Of course, California’s problems with firestorms and the storm belt’s recurring nightmare hurricanes are only a small part of a much larger crisis. A few weeks ago, predictably buried under the constant avalanche of Trump-related garbage, a group of 15,000 scientists issued a dire warning to humanity on the 25th anniversary of an earlier letter which also sought to raise the alarm about our race down the suicide path.

The letter):

[S]erves as a “second notice,” the authors say: “Soon it will be too late to shift course away from our failing trajectory.”

Global climate change sits atop the new letter’s list of planetary threats. Global average temperatures have risen by more than half a degree Celsius since 1992, and annual carbon dioxide emissions have increased by 62 percent.

But it’s far from the only problem people face. Access to fresh water has declined, as has the amount of forestland and the number of wild-caught fish (a marker of the health of global fisheries). The number of ocean dead zones has increased. The human population grew by a whopping 2 billion, while the populations of all other mammals, reptiles, amphibians and fish have declined by nearly 30 percent.

With the plundering class in the driver’s seat for at least 3 more years nationally, it is the question of time that makes this warning so sobering. Anyone with a clear grasp of reality should recognize that we have and are doing incredible damage to the planet, but it seems hard for even the most thoughtful among us to really come to terms with how short a window we actually have to try to prevent the worst outcomes from becoming reality.

In a thoroughgoing interview with Bill Moyers, Bill McKibben addresses this question head-on:

The question of time is the question that haunts me. I remain optimistic enough to think that in general human beings will figure out the right thing to do eventually, and Americans will somehow get back on course. Of course, there’ll be a lot of damage done in the meantime. But with climate change in particular — the gravest of the problems we face — time is the one thing we don’t have. It’s the only problem we’ve ever had that came with a time limit. And if we don’t solve it soon, we don’t solve it. Our governments so far have not proven capable of dealing with this question. They simply haven’t been able to shake off the self-interest and massive power of the fossil-fuel industry. It’s going to take a lot of work and a lot of effort to get us onto renewable energy quickly and everywhere. It’s doable technically; the question is whether it’s doable politically or not. There I don’t know.

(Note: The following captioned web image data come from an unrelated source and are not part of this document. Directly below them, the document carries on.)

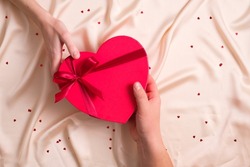 Man's hand gives red heart-shaped gift to female hand. Happy Valentines Day, Happy Birthday concept.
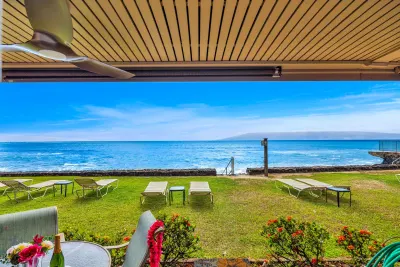 View from under the lanai across the lawn to the water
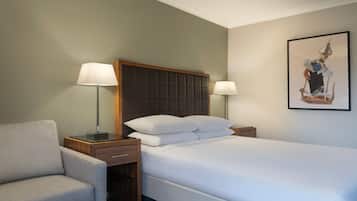 Habitación de hotel con cama, dos lámparas de noche, una silla, una mesita de noche y una obra de arte enmarcada en la pared.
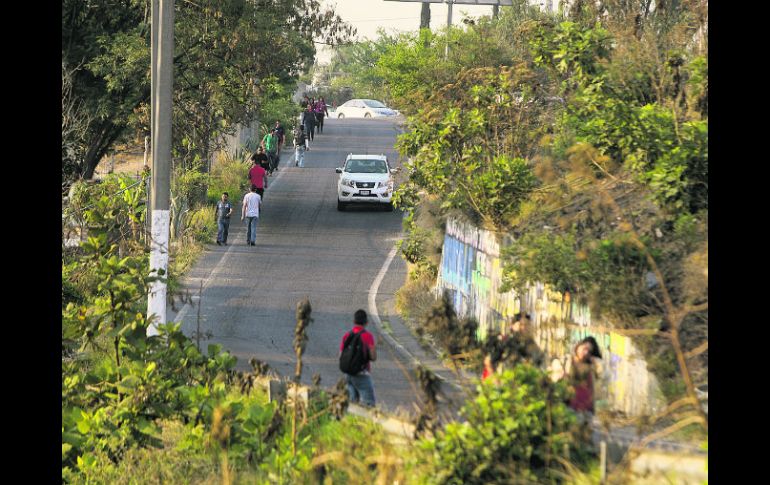 Peatones que transitan por una vía deben esquivar los autos, pues en la zona no existen banquetas ni puentes. EL INFORMADOR / R. Tamayo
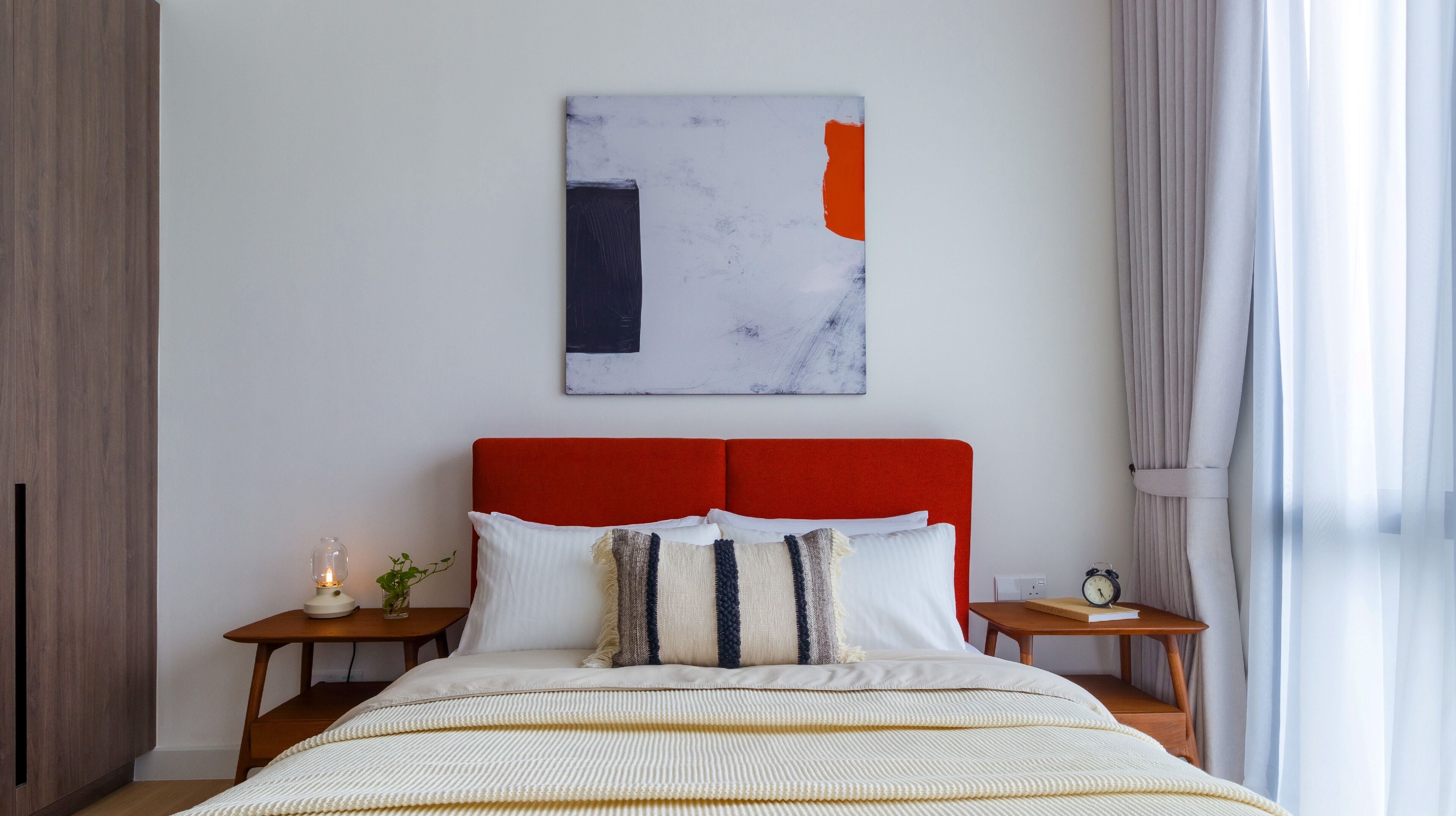 A modern bedroom with a red headboard, a white bedspread, and a minimalist wall art piece.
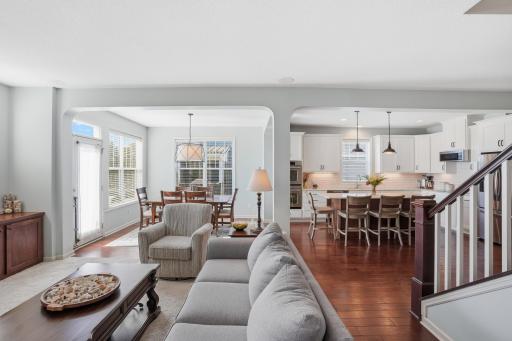 Warm hardwood floors and inviting gathering spaces throughout.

The difficulty is that it’s not just a matter of defeating Trump along with his legion of world-killing climate deniers and getting back to a national, indeed a global, policy that recognizes the existence of the problem. What is really needed is leadership at all levels that is prepared to move beyond an incremental approach toward something truly transformational. Climate change, McKibben argues, is simply not like other political problems in that it doesn’t conform to practical political reality:

Winning slowly is another way of losing. Look, we’re screwing up our health care system again right now. That’s going to cause grave trouble for people over the next five, 10 years. There are going to be lots of people who die, lots of people who are sick, lots of people who go bankrupt. It’s going to be horrible. But 10 years from now it will not be harder to solve the problem because you ignored it for those 10 years. It won’t have changed into some completely other problem. With climate change, that’s not true. As each year passes, we move past certain physical tipping points that make it impossible to recover large parts of the world that we have known.

So rather than normalizing the gradual death of life, we need to think beyond the constraints of the present or our children and all the living things left in their world will have hell to pay for our lack of vision and courage. The terrible choices that we slowly came to take for granted started the fire. What strange beast or new and better world will be born out of the ashes?